**WORK TO COMPLETE:** In the records below, repeat word for word only the lines starting at the one that contains "37 Tawn Crescent Ajax ON L1Z 1H9" and ending at the one that contains "LECCOR | Swiss", pictures excluded.

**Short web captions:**
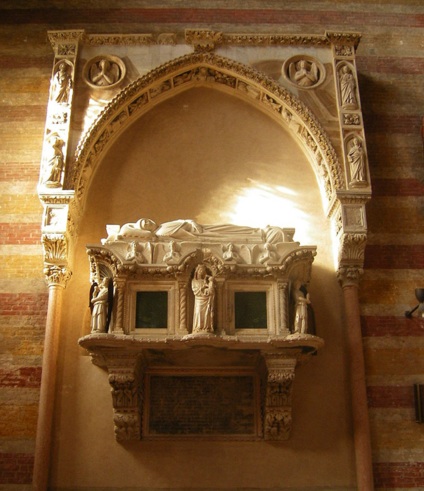 Andriolo de' Santi's Tomb in Ermitani, Padua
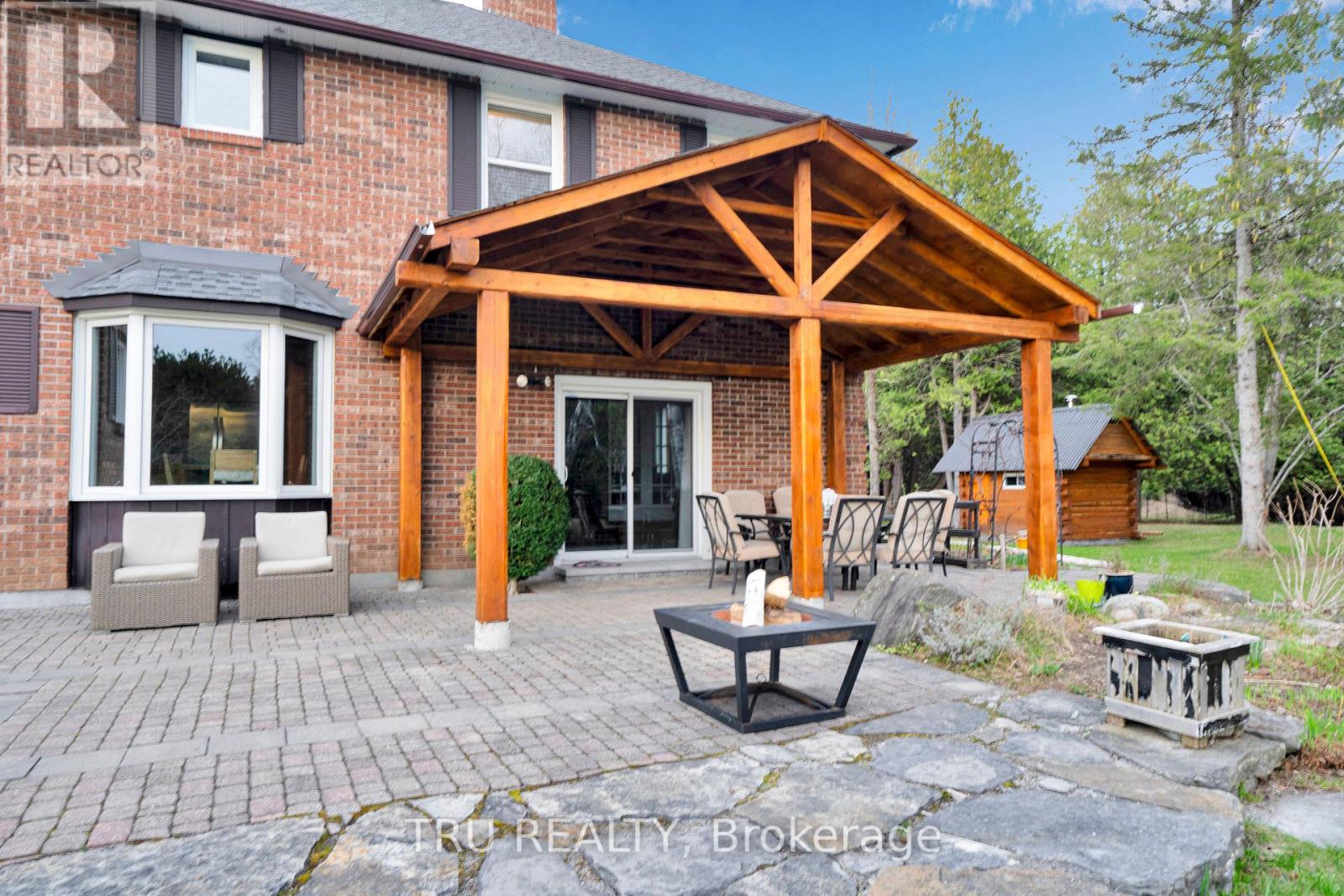 2529 MARSHWOOD ROAD - 38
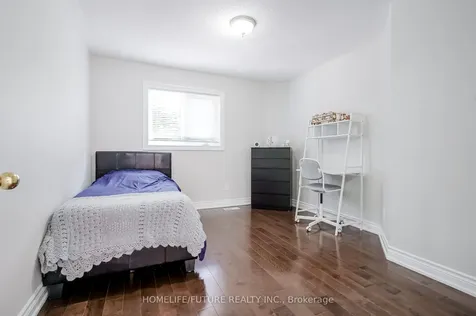 37 Tawn Crescent Ajax ON L1Z 1H9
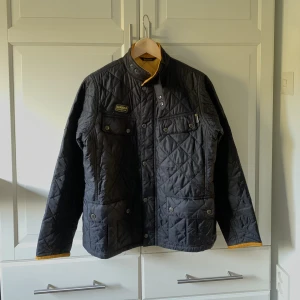 Barbour jacka - Jackan är i nyskick och har aldrig använts. Den är storlek XXL i barnstorlek så de passar som en vanlig  S eller XS i herrstorlek. Hör av dig om du har någon fråga🤙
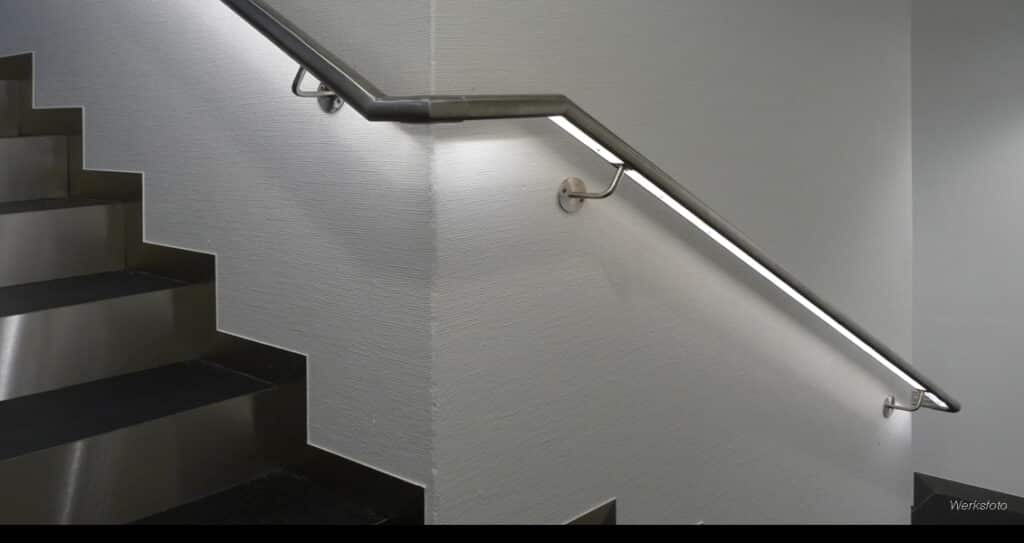 LECCOR | Swiss | Aargau | Companybuilding LED-wall handrail U48 - References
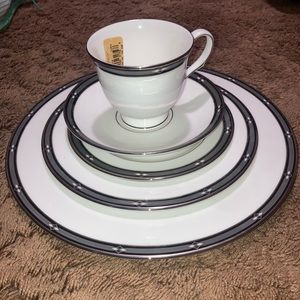 DIAMOND SOLITAIRE by Lenox 5 Piece Place Setting Bone China NEW NEVER USED USA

**WRITTEN RESPONSE:**
 37 Tawn Crescent Ajax ON L1Z 1H9
 Barbour jacka - Jackan är i nyskick och har aldrig använts. Den är storlek XXL i barnstorlek så de passar som en vanlig  S eller XS i herrstorlek. Hör av dig om du har någon fråga🤙
 LECCOR | Swiss | Aargau | Companybuilding LED-wall handrail U48 - References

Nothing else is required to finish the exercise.